I love your show. I listen to every episode by podcast. I am a feminist, and I sometimes comment to people that I think your show is one example of a way to laugh without having to condone sexism. Sometimes, though, I think you cross a line. I’ve thought about writing in when this has happened, but this is the first time I’ve actually written.

I’ll get right to it: Peter Sagal, you pressured Aaron Schock to talk about his body when he clearly did not want to. When you pressed him, Schock was uncomfortable talking about his own body and Barack Obama’s body, so he shifted the subject to women’s bodies, specifically Michelle Obama’s arms. As we all know, women’s bodies are always an appropriate topic of conversation in our society, so I’m not surprised he felt more comfortable shifting the focus.
I bring this up because I was completely shocked by it, but I know that it probably passed most people’s radar without a blip. Men’s bodies and women’s bodies are treated very differently in our society, so it is “normal” to pass judgment or talk about women’s bodies while it is strange to do the same with men’s. Pressuring a man to discuss his body really isn’t a positive way to make things more equal. This incident is a small issue, but I believe the small things we usually let go are the things that allow our culture to continue to be institutionally sexist.

I have also posted my observations about this episode on my blog at http://femveg.org/blog/?p=267 and plan to contact Aaron Schock’s office.

Thank you,
Liz Yockey

I emailed this to info at aaronschock dot com:

Dear Aaron Schock,

I listen to every episode of Wait, Wait, Don’t Tell Me by podcast. I am a feminist, and I sometimes comment to people that I think the show is one example of a way to laugh without having to condone sexism. Sometimes, though, Wait, Wait crosses a line.

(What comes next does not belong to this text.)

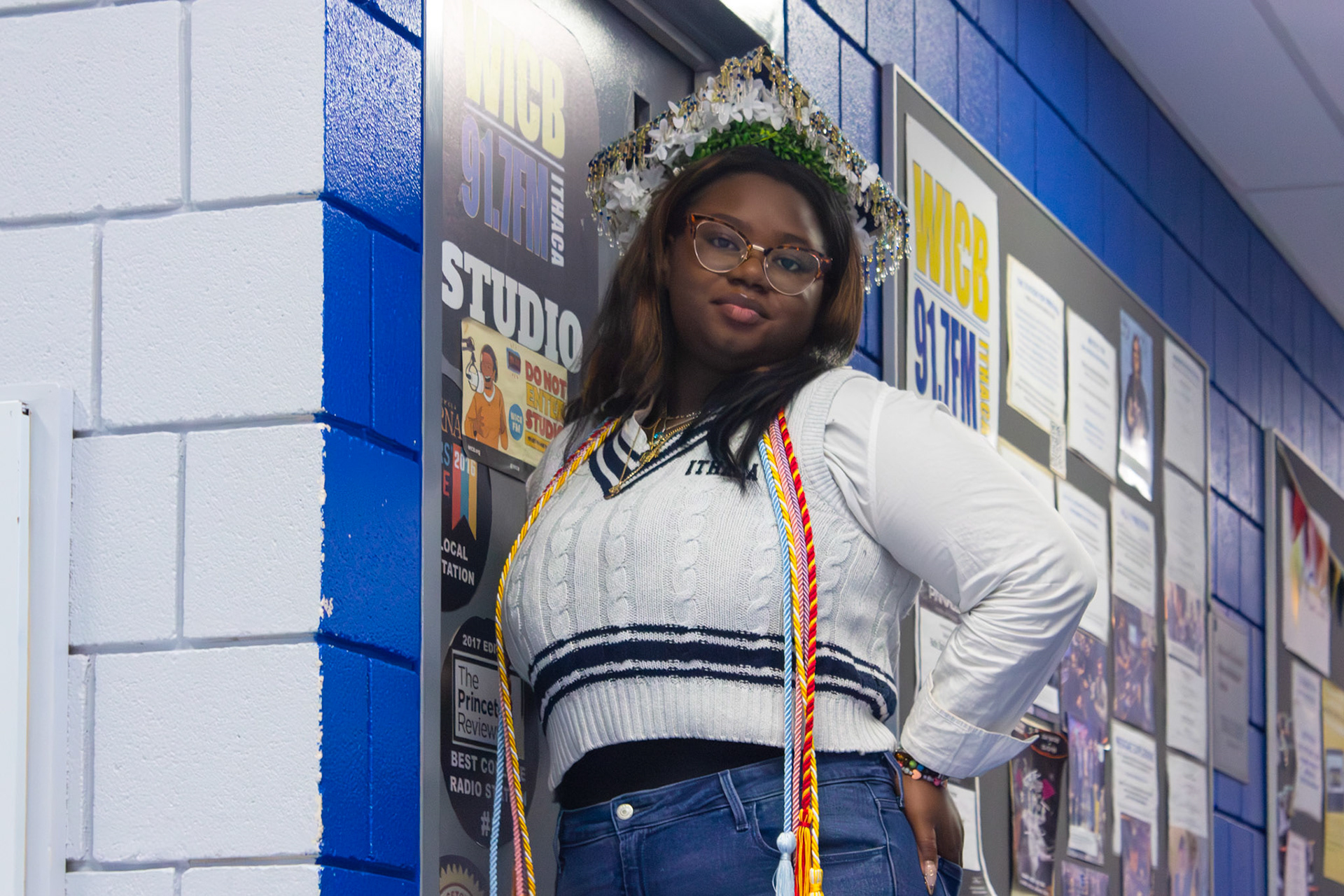 Mureen Doherty '26 proudly posing in front of the WICB Studios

Peter Sagal pressured you to talk about your body when you clearly did not want to. When he pressed you, you were uncomfortable talking about your own body and Barack Obama’s body, so you shifted the subject to women’s bodies, specifically Michelle Obama’s arms. As we all know, women’s bodies are always an appropriate topic of conversation in our society, so I’m not surprised you felt more comfortable shifting the focus.
I bring this up because I was completely shocked by it, but I know that it probably passed most people’s radar without a blip. Men’s bodies and women’s bodies are treated very differently in our society, so it is “normal” to pass judgment or talk about women’s bodies while it is strange to do the same with men’s. Pressuring a man to discuss his body really isn’t a positive way to make things more equal, and the way you reacted showed how differently women are thought of by even those who think we are not sexist. (I assume you don’t consider yourself to be sexist.) This incident is a small issue, but I believe the small things we usually let go are the things that allow our culture to continue to be institutionally sexist.

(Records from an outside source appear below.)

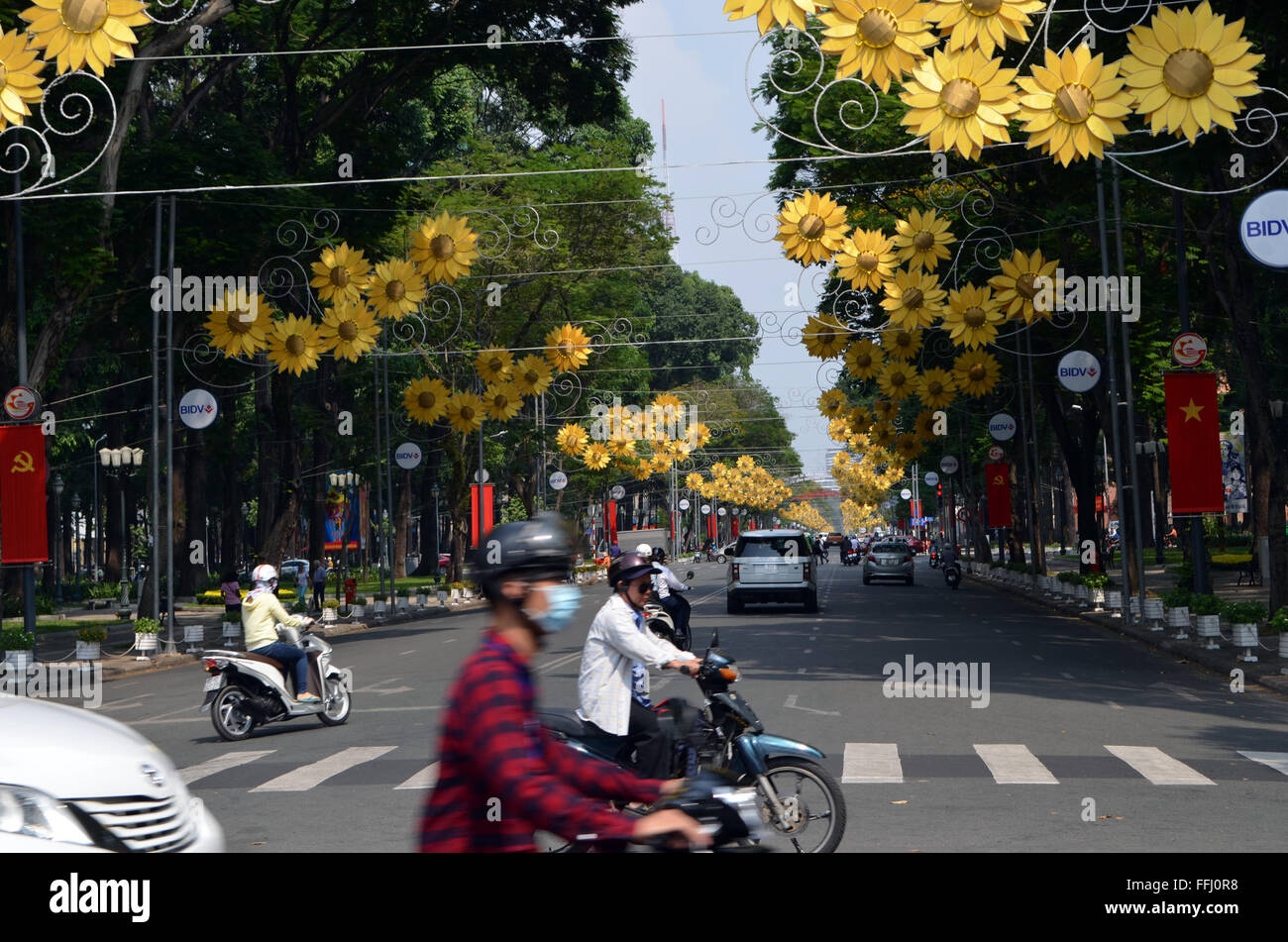 Saigon, VietNam.Les rues gaiement couvertes de bunting, drapeaux, et ces fleurs comme les gens se déplacer dans onmotor smallcars et vélos Banque D'Images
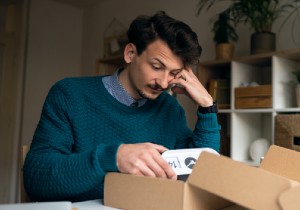 A man with an annoyed look on his face, looking down at a product he bought which could be faulty 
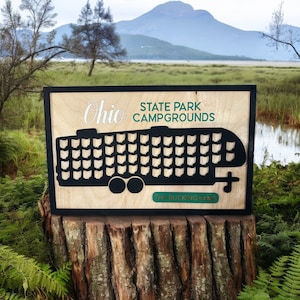 May include: A wooden sign with a black frame, depicting a camper trailer with the state of Ohio outlined on each side. The sign reads "Ohio State Park Campgrounds" and "The Buckinghams".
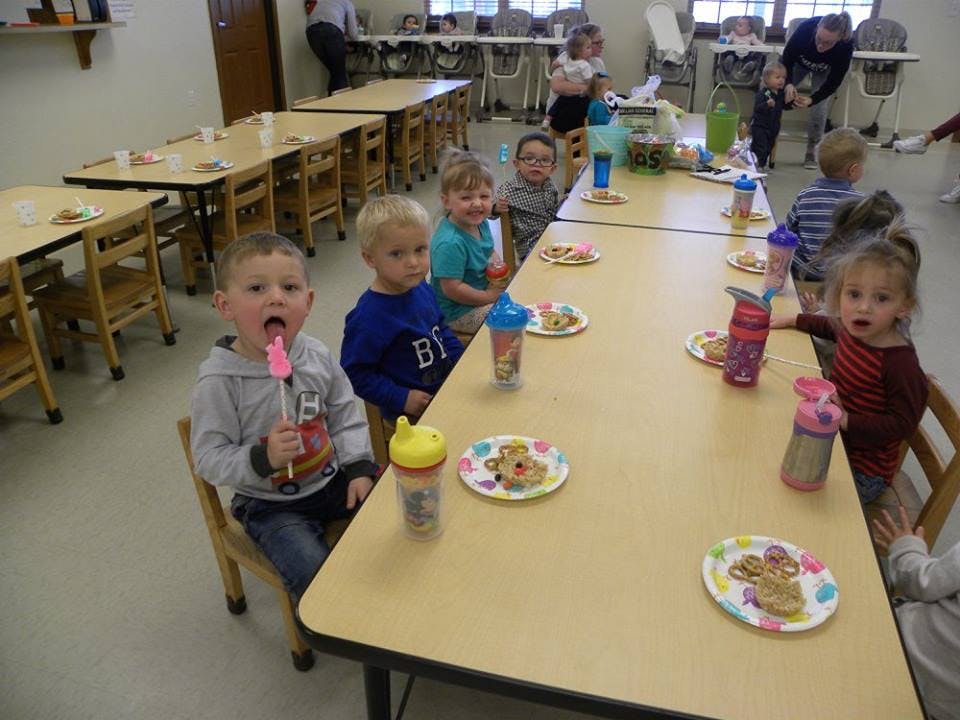 Children sitting at tables with plates and drinks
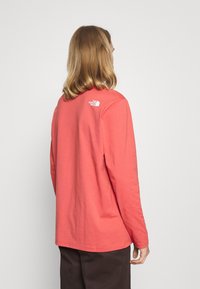 Pitkähihainen coral-värinen puuvillapaita, jossa on pyöreä kaula-aukko, suora helma ja pieni valkoinen logo takana. Pehmeä pinta.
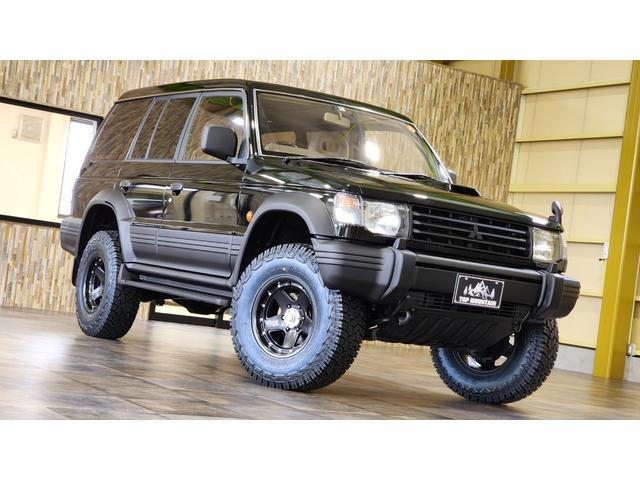 ワイド　エクシード　ディーゼルターボ　三菱ＯＰカラーエメラルドブラックパール全塗装済み　切替４ＷＤ　サンルーフ　リフトアップ　ＸＪ０５－１６インチ　ジオランダーＸ－ＡＴ　ダブルエアコン　キーレス　電格ミラー　ＥＴＣ(54枚目)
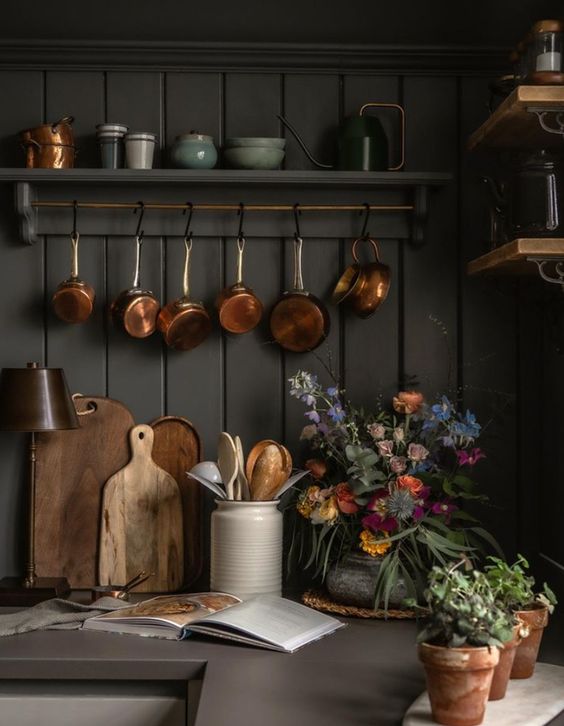 Dark green bead board wall with hanging copper pots above a counter with wood cutting boards and flowers.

I have also posted my observations about this episode on my blog at http://femveg.org/blog/?p=267 and contacted Wait, Wait, Don’t Tell Me.

Thank you,
Liz Yockey

Let’s Shift the Focus to Women’s Bodies, Shall We?

2009 August 21
by Lizzzzzz

Today I was listening the podcast of this week’s Wait, Wait, Don’t Tell Me: The NPR News Quiz, a weekly NPR show which features funny quiz games.

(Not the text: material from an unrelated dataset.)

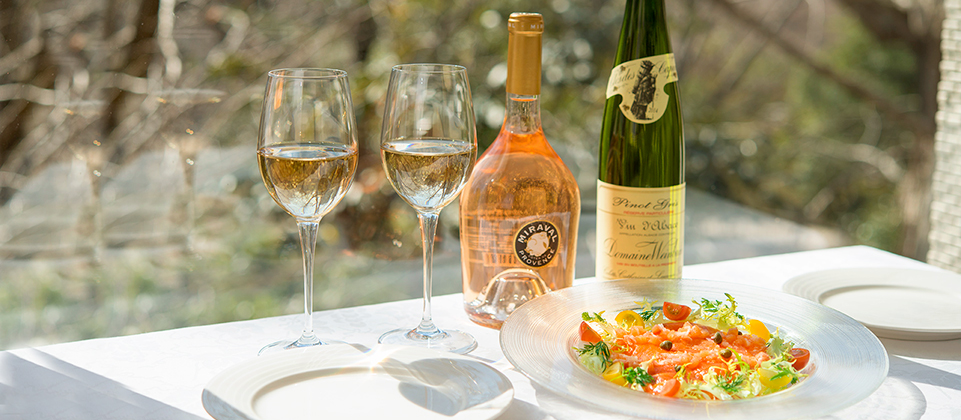 Appetizer and wine on a bright table facing greenery at Hibiya Matsumotoro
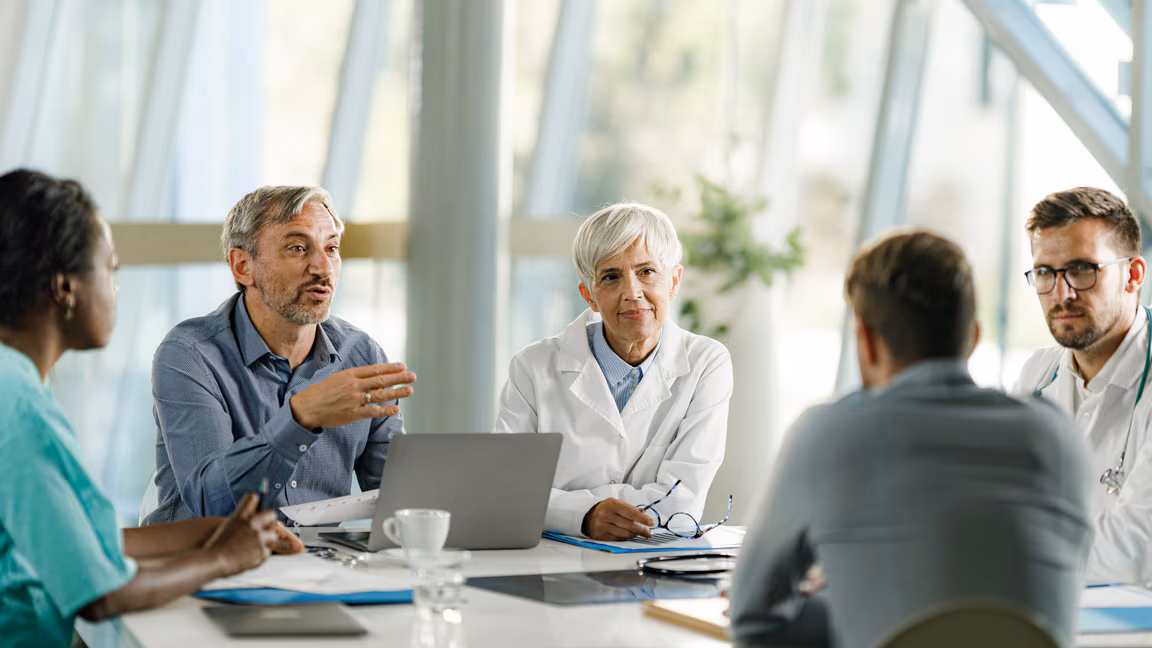 How to Use the mPINC Steps A team of doctors and hospital administrators have a meeting in the hospital.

Normally, I LOVE Wait, Wait. Paula Poundstone is sometimes on the show, and usually thewaitwait other panelists are really funny too. A couple of times I’ve felt some people on the show have made insensitive comments, but overall it’s a great show.

Aaron Schock, the youngest person in congress, was on the show this week. Before asking the guest quiz questions, Peter Sagel spends some time good-naturedly ribbing them. Sometimes I feel Sagal is a little pushy during this segment to try and get the celebrity to tell them something “juicy” or that wouldn’t come up in a normal press conference. In this case, because photos of Aaron Schock shirtless have been in the press, he was asking the congressmember to compare his body to President Obama’s. Schock dodged the question, saying he hadn’t really looked, but Sagal pressed him a few times.

Eventually, Schock changed the subject, by talking about Michelle Obama’s arms! Schock was uncomfortable talking about his own body and Barack Obama’s body, so he shifted the subject to women’s bodies. As we all know, women’s bodies are always an appropriate topic of conversation, so I’m not surprised he felt more comfortable shifting the focus.

I know that many people would say I am making too much of this incident, but I think it is a prime example of how people who do not think they are sexist really are (because we all are). Do I think Aaron Schock is a terrible person? Probably not. Do I think we would all be better off if we really examined our own thoughts and what we say? Yes, I do. If we didn’t constantly make these (almost unknowing) slights in the direction of women, we would be able to move faster in the direction of equality. I think it’s worth the effort it might take.

A Sense of Shame

2009 August 19
by Lizzzzzz

Gail Collins and Ross Douthat have been doing a feature in an NY Times blog where they both weigh in on a specific issue. This one features their opinions of the hiring of Michael Vick by the Eagles and the subsequent outrage. Michael Vick served time in jail for his crime of supporting a dog fighting ring and will be making speeches for The Humane Society denouncing this behavior. He is now resuming his career as a professional football player.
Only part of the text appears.